I am writing this meditation with a candle nowhere in sight. I am in a rather cosmopolitan location. I am seated in the Cafe Dumas in the Institut Francais overlooking the Danube in Budapest. As I am soon about to begin rehearsing my dramatisation of a great work of French literature, ‘The Hunchback of Notre Dame’ by Victor Hugo, perhaps it is appropriate that I am writing my meditation here in the Institut Francais and in a cafe named after two other great 19th Century French writers : Alexandre Dumas, father and son. And my dramatisation of Hugo’s novel will be presented here in Budapest next February. So the location is very much appropriate.

So here, quite close to the famous Lanchid (Chain Bridge) I am watching the boats on the river and the yellow and white number 2 tram going up and down the opposite embankment. It is the most popular tram in Budapest, the tourist tram. The weather has been extremely hot here since I arrived as it is the last days of summer. Today is cooler with a welcome breeze and distinctly autumnal. The leaves on the trees on the embankment are beginning to change colour already and are a mix of vibrant green and russet brown.

How many journeys have I made on that tram since I first came here? Next month, it will 30 years since I first came to Hungary and to Budapest. The Republic of Hungary will be 30 years old too next month, as first I came here in the week the republic was first established in October 1989. So like the leaves in the breeze, there are many memories swirling around in my head this afternoon. I am feeling distinctly autumnal. I am autumnal. I may even be slipping into winter. These last few days have made me realise that I am getting older, if not old! I have finally realised how old I am.
I have just been in one of the city’s museums: the Museum of Fine Arts.It has an antiquities gallery in the basement, with artefacts from Ancient Egypt, Greece and Italy. In this gallery there is an funerary monument: a man and woman and a boy between them. The boy is not their child or grandchild but one of their slaves as they were obviously a wealthy couple, if they were able to have funerary statues for their burial.

The man has a middle-aged head with curly hair and a beard ( a typical ancient philosopher’s head) but his head is on top of a youthful, athletic body. His body suggested to me that he was guilty of wishful thinking! Or was he a young man with an old head on his shoulders?
However, the woman’s head was missing but her body looked clearly like that of a Roman matron, ‘a lady of a certain age’ as we would say. So it appears that the man was in some sort of mid-life crisis: middle-aged but imagining himself still youthful and athletic (if he ever was!). Looking closely at my own torso in the mirror recently, I think I am beyond imagining that now! I have now become part of the ‘realist’ school of literature!
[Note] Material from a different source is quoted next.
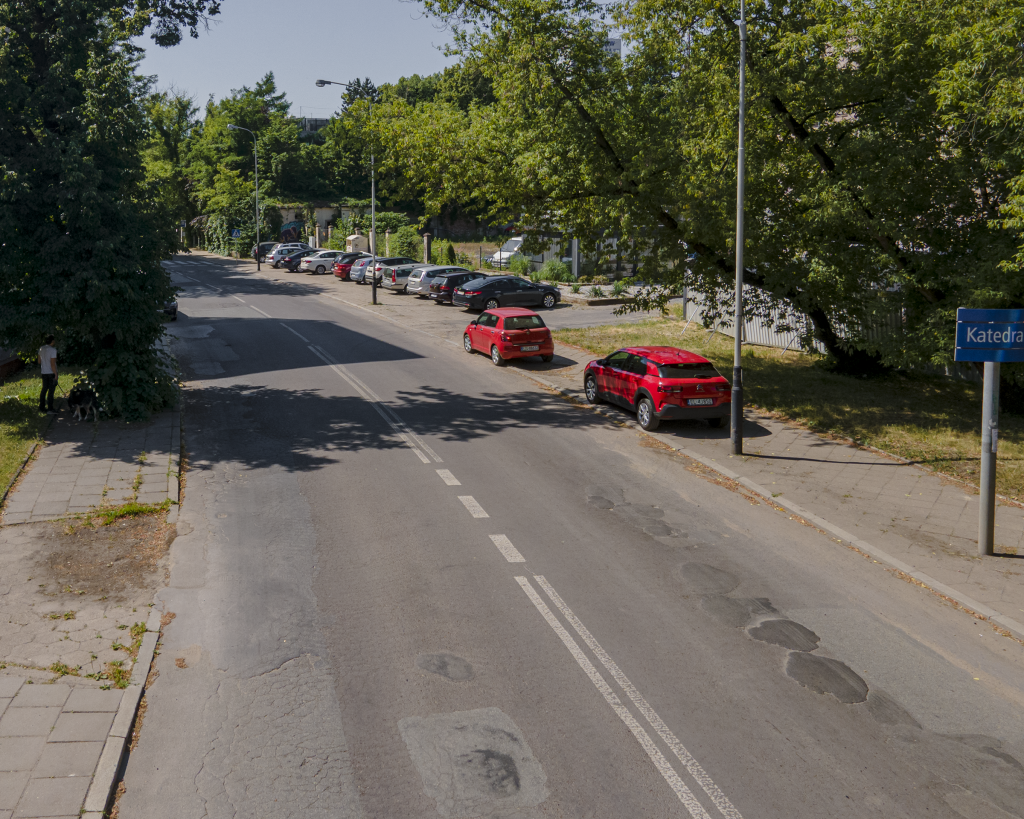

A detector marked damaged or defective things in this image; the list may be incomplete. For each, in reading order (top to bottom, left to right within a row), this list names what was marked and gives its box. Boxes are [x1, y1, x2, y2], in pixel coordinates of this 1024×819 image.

cracked asphalt road [120, 260, 1024, 819]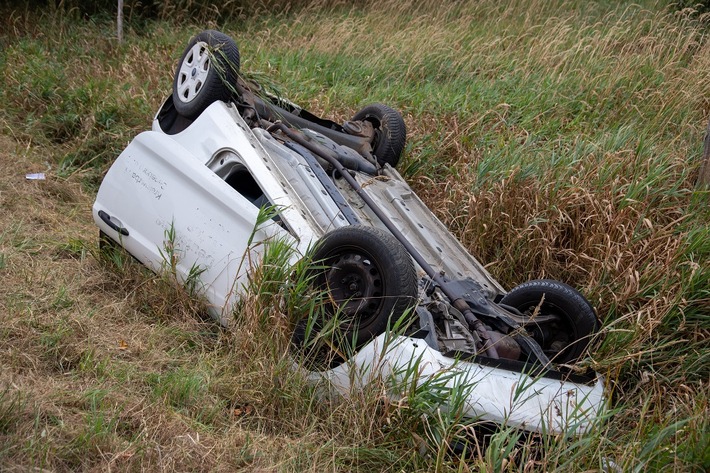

By reading the information card beside these statues, I discovered that this kind of funerary statue was common in Roman times. It was an attempt to depict the idea of ‘a beautiful and good man.’ Presumably the ‘philosopher’ head of the statue suggested that the man had good and humane thoughts and lived by them and his youthful, athletic body suggested that this way of thinking and living made the man beautiful. For is it not goodness that creates beauty in a person?

I may be getting old but I still have a youthful spirit or I wouldn’t be in any way successful as a director of young people. They appear to still enjoy rehearsing with me. So here we are about to start rehearsing another production in the next few weeks. And next February we will be embarking upon another tour to Budapest. Except it will be my last production and my last tour.

It was quite emotional for me as I walked into the Kolibri Children’s Theatre last Friday for my usual meeting. We have been presenting productions there for over 20 years. I found it very hard to tell the production team that next year will be my last one. But it is time to bow out, to retire. I did not realise how difficult it was all going to be until I stood outside the theatre last Friday. How difficult it will be to let go. That is because I did not fully comprehend how close I am to the Kolbri Theatre and its director, Janos and its staff and it’s wonderful, warm appreciative audiences down the years. I had not realised how big a part of my life it has been. Or how big a part of my life this country has been.

In the antiquities gallery there was a quote on one of the large information boards. This quote has been attributed to the Greek philosopher Heraclitus: ‘The invisible connection is stronger than the visible.’ That is what I had forgotten: the invisible connection. The invisible connection that binds us together, that touches our heart, becomes part of us. And so this city and my friends here and the dear Kolibri Theatre will still remain part of my life because of that invisible connection, but in a different way. Like one season shifting into another.

Several friends who read my blog have asked me why I do not include photos . My reason is partly because, although I do sometimes write about my travels, I would hope my meditations are more than a holiday diary. I would hope that my blog is more discursive than that and that my powers of description are sufficient for you, dear reader, to visualise the people, places and works of art I seek to describe. Besides, shortly you will be able to hear the author’s voice as well as read his words as a selection of these meditations will be appearing on YouTube in an audio version. More news on that in my next meditation so:

Ave atque vale until the next blog.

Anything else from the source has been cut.